The Real Estate market has been stagnant and operating at a lower-than-average level for going on three years. That includes our local market, California, and the USA.
Below is a continuation of the bad news. From AP.
LOS ANGELES (AP) — The latest evidence that homeownership is becoming increasingly less accessible to many Americans: Sales of previously occupied U.S. homes fell last year to a nearly 30-year low for the second time in as many years.
Elevated mortgage rates, a years-long shortage of homes on the market, and record-high home prices continued to stymie prospective home shoppers, especially first-time buyers.
That led existing home sales to fall 0.7% last year to 4.06 million — the weakest showing for home sales since 1995 and edging out the terrible year for sales in 2023, the National Association of Realtors said Friday.
Even in the midst of a sales slump, a dearth of homes on the market and rising mortgage rates gave sellers an edge over buyers, helping drive up the national median home price for all of last year to an all-time high $407,500, an increase of 4.7% from a year earlier.
No change is expected for the country as a whole.
Now the good news, from CNBC:
- Amgen said it will spend more than $600 million to build a new research and development facility at its headquarters in Thousand Oaks, California.
- Amgen said construction of the facility will begin in the third quarter of this year and will create hundreds of U.S. jobs.
ALL REAL ESTATE IS LOCAL
And local is looking up. We live in a high-priced area. We have wonderful weather, good schools, an enviable lifestyle, and the largest employer in our area is about to spend $600 million to build a research facility that will create hundreds of jobs, good quality jobs. Jobs that can afford our high home prices.

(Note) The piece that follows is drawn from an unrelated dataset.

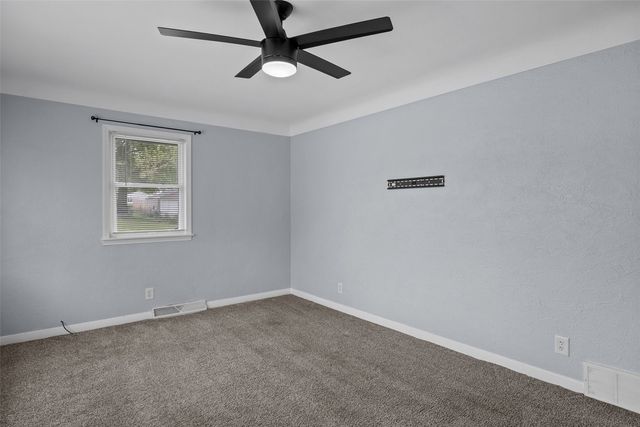 3030 O Avenue NW, Cedar Rapids, IA 52405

High prices and high mortgage interest rates have combined to make our areas unaffordable to many. Interest rates appear to finally be coming down, and our LOCAL ECONOMY is about to get a large boost.
Let’s see how the housing market has been doing prior to this announcement.

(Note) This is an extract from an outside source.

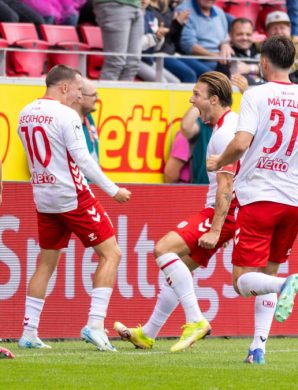 [VIDEO] Le SSV Jahn Regensburg lance enfin sa saison et punit Schweinfurt !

Inventory has been climbing, although sales have been stagnant, comparable to the last two years. Median prices have come down a little compared to the same three months last year, Average prices have decreased a little more. Looking at the bottom half of the table, we can see that our run of high priced homes appears to have come to an end. High priced homes have propped up our local market and kept inventory from growing, but no longer. Nothing lasts forever. We are now at a point where inventory represents three months of sales, what I call a balanced market, favoring neither buyer or seller.

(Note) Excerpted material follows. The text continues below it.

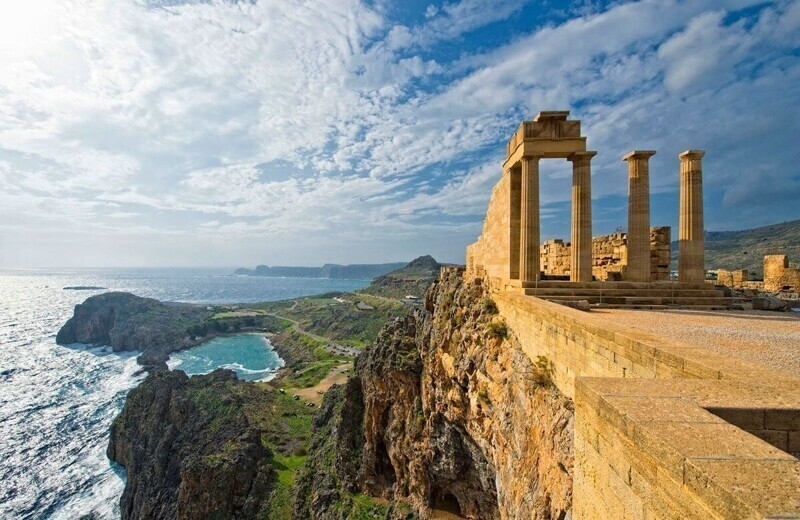 Греция освободила иностранных туристов от карантина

Simi Valley and Moorpark did not have as strong a percentage of highest priced homes, many bought with all cash. Sales of their more affordable homes, usually involving mortgages, have languished as prices shot up and interest rates rose. A shortage of Simi/Moorpark inventory has been a persistent problem, and now that low inventory has grown by 81%. This inventory represents three months of current sales, and like Conejo is balanced, favoring neither side, equal power for buyer and seller.
Diving deeper, we can see current inventory is more than twice what was available during the past four years. Our inventory is now behaving much like 2018 and 2019, the pre-COVID years, while 2021 – 2024 experienced low inventory availability.
For Simi/Moorpark, the same pattern exists, with current inventory more than triple the inventory two years ago, and still climbing.
Listings add to the inventory, while sales deduct from inventory. Sales figures for Conejo are consistent with the last two years, with 150 homes sold per month compared to the long term average of almost 250 homes.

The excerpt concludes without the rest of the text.